読者企業から編集部宛には特段の問い合わせがあったのかどうか分からないが、
メールマガジンやサイトで紹介したせいか、自分の事前予想より多くの反応が
あった。

「けれども、勉強会を見学やら傍聴やらしても、あまり仕事の役に立たないと
思いますよ。私自身はノウハウを秘匿しようとあまり思っていませんし、クラ
イアント先が了承して下さるかと言う問題をおいておいても、見ることではあ
まり学びがないと思うんですよ」。
 クライアント先の勉強会を見学したいと言ってきたコンサルタント志望の中
高年の男性がいる。大手企業OBで幹部経験者の彼の依頼を私は断ることにし
た。

 勉強会も組織改善と言う課題解決の手段である以上、初期状態とあるべき状
態を比較してそのギャップを埋めるように構成員を導く必要がある。初期状態
を見ることなく、途中経過の或る回を見ても、その勉強会の状況を評価するの
は難しいのが、第一理由。勉強会の運営方法は、その組織の風土や、参加者の
スキル・レベルや人間関係など、様々な要素を鑑みて決められる。

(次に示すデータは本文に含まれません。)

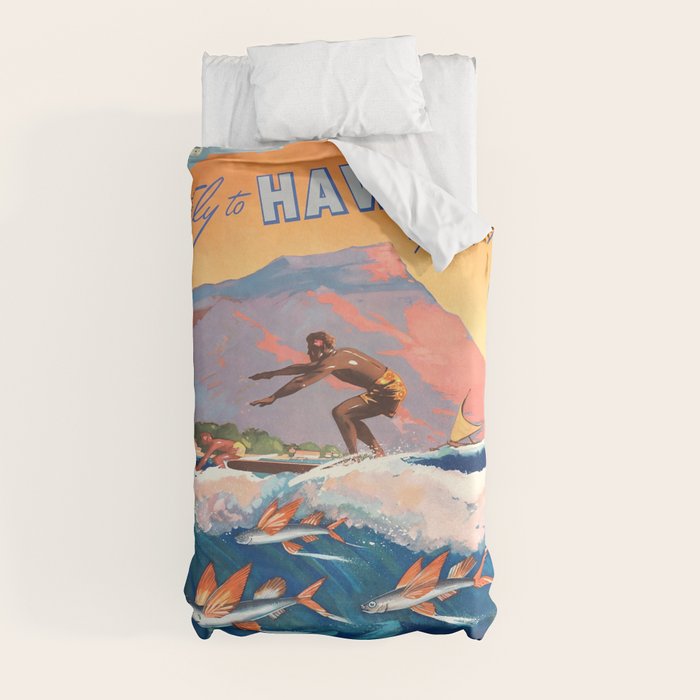 1947 Fly To Hawaii By Clipper Pan American Travel Poster Duvet Cover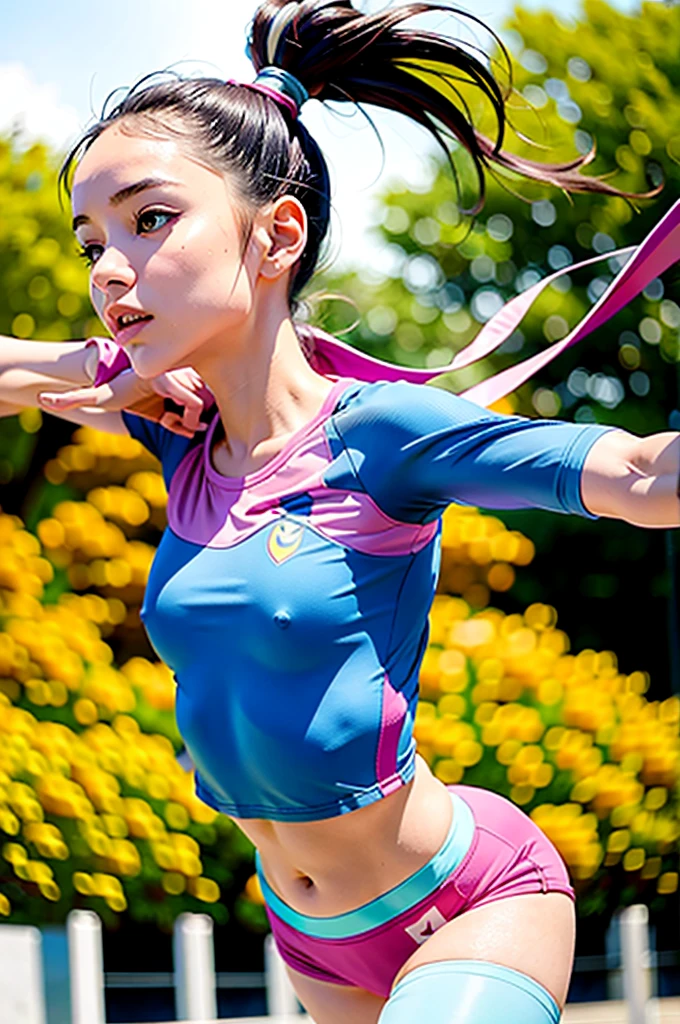 1 girl, solo, running, Gray Track Top, pink shorts, ponytail, hair covered with light blue hijab. athletic build, dynamic brushstrokes, fluid movement, capturing the essence of her athleticism and energy, using light colors and soft tones to create a dreamy and ethereal atmosphere, portraying the motion and grace of running, showing the wind blowing her ponytail and clothes, and the scenery of her surroundings.
outdoors, detailed background, Modern metropolis, undressing nude body, showing nude breasts and vagina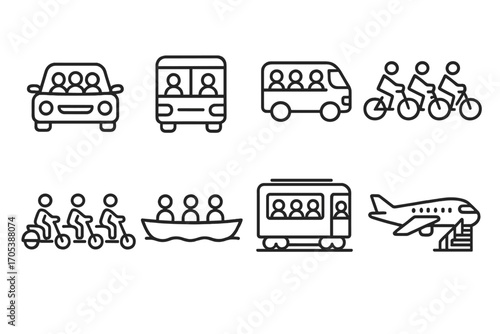 Group Transport Icons. Outline icon set of group transportation: carpool, bus, van with passengers, bicycle group, scooter convoy,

特定の勉強
会の或る特定の回の善し悪しを知るには、組織と参加者についての洞察や仮説
が必要であるように思えるのが、第二の理由。

「なるほど。確かに見る前にやることがたくさんありそうですね」と彼は得心
した。

 或る会社の若手社員を育成する担当者の勉強会。彼らの目下の最大の課題は、
テクニカル・スキルはほぼ完璧なのに、組織の一員として能動的な動きが全く
できていないように若手社員が見えること。影のように付き纏うことから名づ
けられたシャドウイングと言う手法を試そうと検討が進められている。具体的
な一日の作業中での優先順位付けや価値判断の基準、そのようなものを学ぶに
は優れた手法である反面、付き纏っている研修者の膨大な人件費が運営上の課
題。

「勉強会の時間前の雑談で話した勉強会見学希望者の話ってあるじゃないです
か。見るだけで、本当に分かるのかってことですよね。皆さんのケースでは、
少なくとも自分達の職場や、そこで発生する作業については若手社員の人達も
分かっていますよね。しかし、それが洞察だの仮説だのということになるとか
なり怪しくはありませんか。育成者の日常作業を見せながら、その判断基準や
作業の意義とかを綿々と説明してゆくか、見る前にそういうことを教え込んで
おくか、何かそういうメカニズムがないと、皆さんの場合はシャドウイングが
上手くいきそうにありませんね。コスト額よりも、まずは効果の出る方法論を
もっと揉んだ方が良いように思いますよ」。
 私は参加者の様子を窺いながら、ゆっくりと説明した。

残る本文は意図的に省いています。